Suddenly slow response times on Mongo Realm GraphQL

Viktor_Nilsson · June 16, 2021, 1:39pm

From “Jun 15 0:46:09+02:00” we noticed a drastic increase in the response time for each graphql query.
We haven’t done any change as we know, the time is also in the middle of the night for us in Sweden so not likely that we done any configuration changes.

Anything you can help with?

MaBeuLux88 · June 16, 2021, 7:11pm

Hi @Viktor_Nilsson and welcome in the MongoDB Community !

Are these queries returning the same amont of data? Are they all using efficient indexes?
That would be the first suspects for me.

Cheers,
Maxime.

Viktor_Nilsson · June 17, 2021, 7:53am

Hi! Thanks for the reply

Looks like the data is stable.
6/13/2021 - 6/17/2021

And I can’t see anything wierd in the Atlas metrics.

We have had similar problems a couple of months ago, but they got resolved but MongoDB. So it feels reasonable that it is Realm problems and not our setup.

MaBeuLux88 · June 17, 2021, 3:06pm

Hi,

I don’t see how the total amont of data is related to my 2 questions.

If the query at the bottom is a “findOne” operation that returns a single document using the {_id: 1} index and the top one is returning 1 million documents for a total of 5MB with a massive range query on date field without an index, I wouldn’t be too much surprised that it takes 1240ms to do so.

So:

How much data are these queries returning to the client?
Are these queries using efficient indexes to retrieve the data they are returning or able to reach quickly the documents they want to update, replace or delete (also indexes).
Adding a new one here: How far is your client from your Realm App and how far is your Realm App from your MongoDB Atlas cluster? Looks like the entire trip takes 14ms total minimum so it’s really well setup apparently on that regard. But if you deployed a global Realm App, maybe the query is processed in another region which can add a significant latency in the query.

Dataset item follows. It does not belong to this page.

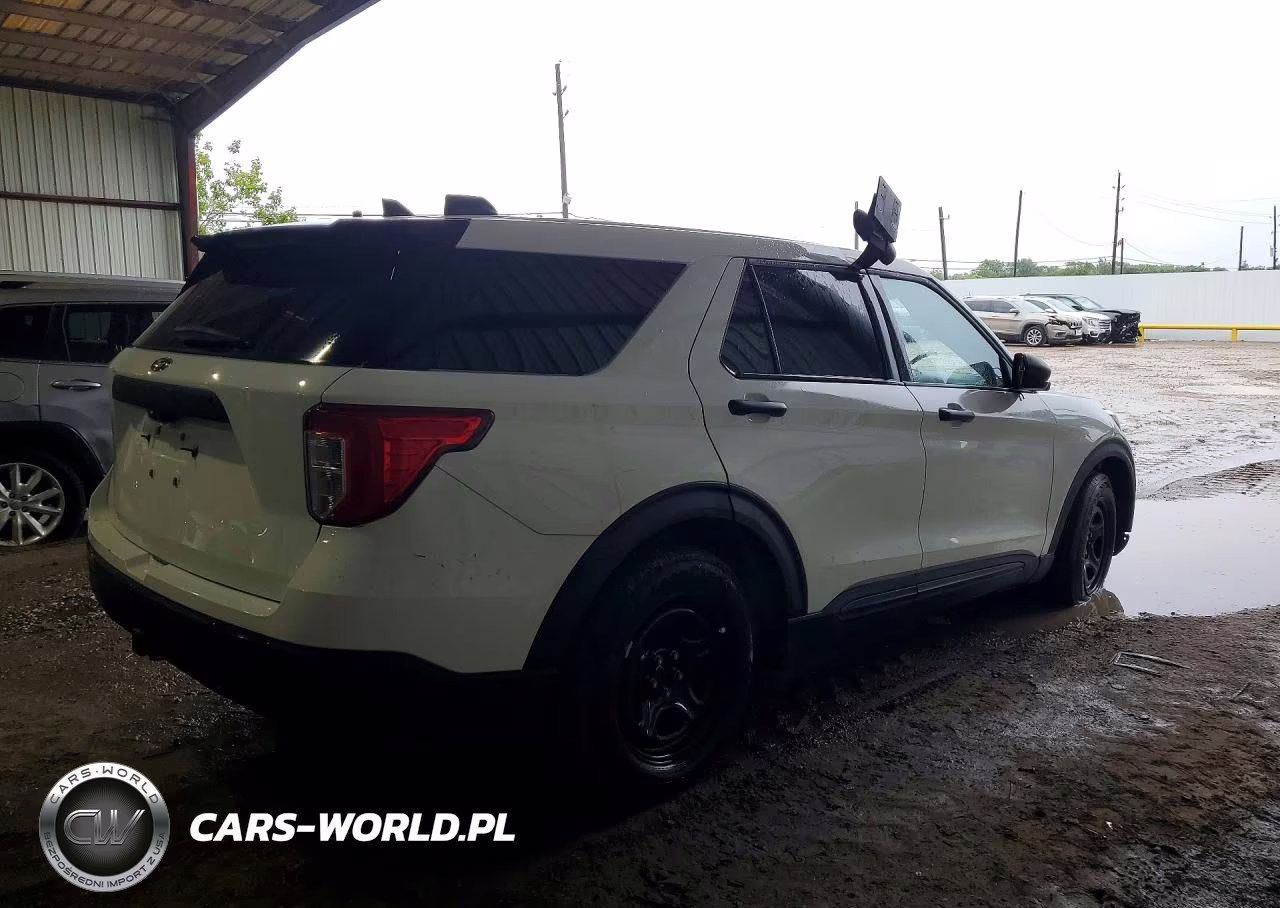 2023 Ford Explorer Police Interceptor VIN:1FM5K8AB8PGB55925 - 3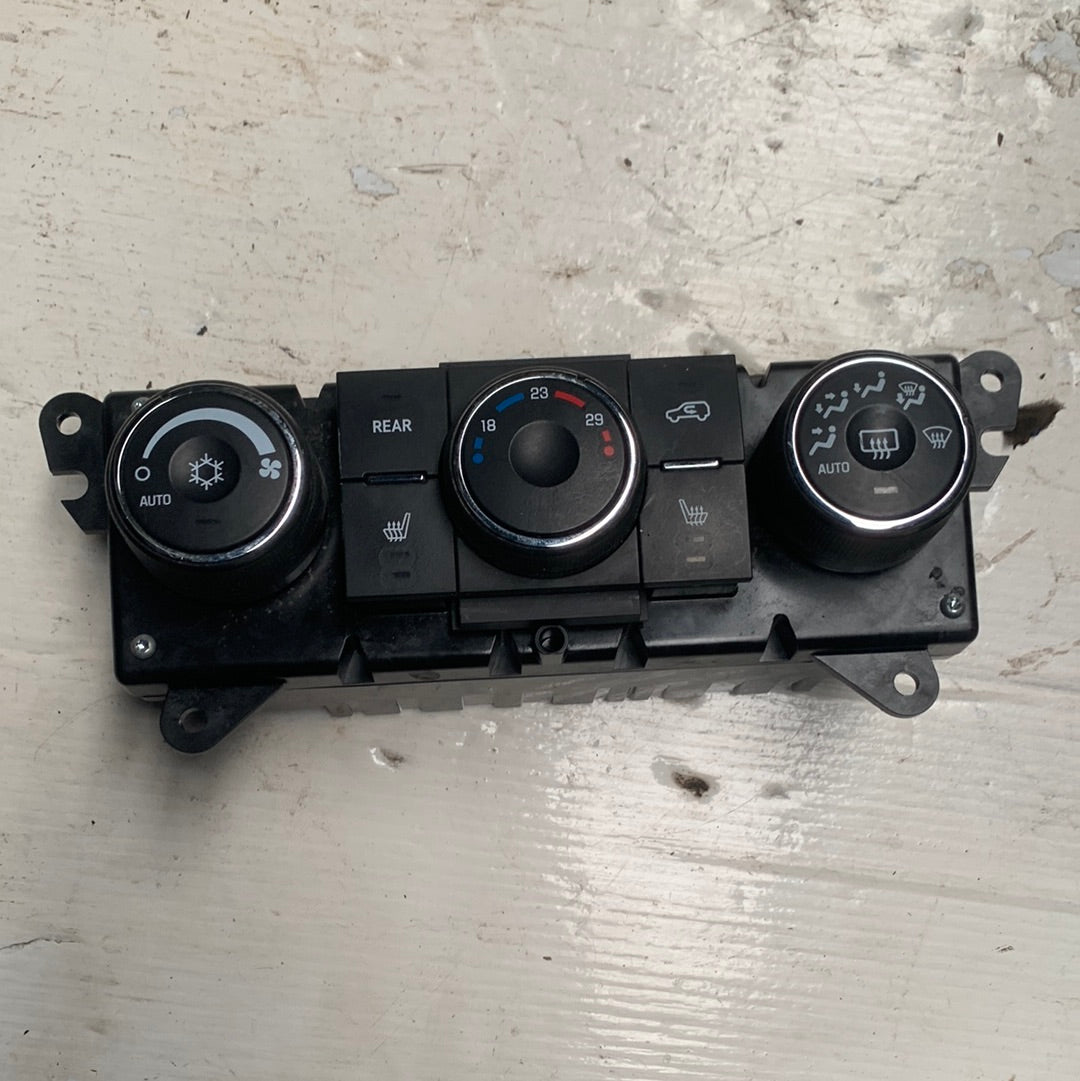 Mando Aire Acondicionado Chevrolet Equinox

Usually I deploy all my stuff in Ireland so both the Atlas cluster and the Realm App are really close to optimize the latency. But if you deployed a global Realm App, a query could be processed in US-west and this would need more time.

Cheers,
Max.

Viktor_Nilsson · June 17, 2021, 3:36pm

Sorry, misunderstood the question a bit. I meant that we didn’t have any increase in the amount of data, so shouldn’t be so much more that was returned from the queries.

But there is now difference in the amount of data returning direct from the queries etiher what i can see.
Here is a good example when the endpoint just started to be slow.

It’s a lot more clear if you can go through the whole logs. When i look at the graphql requests until “Jun 14 23:59:56+02:00” not a single one is over 100 ms. And then 1h after that not a single request is under 900ms.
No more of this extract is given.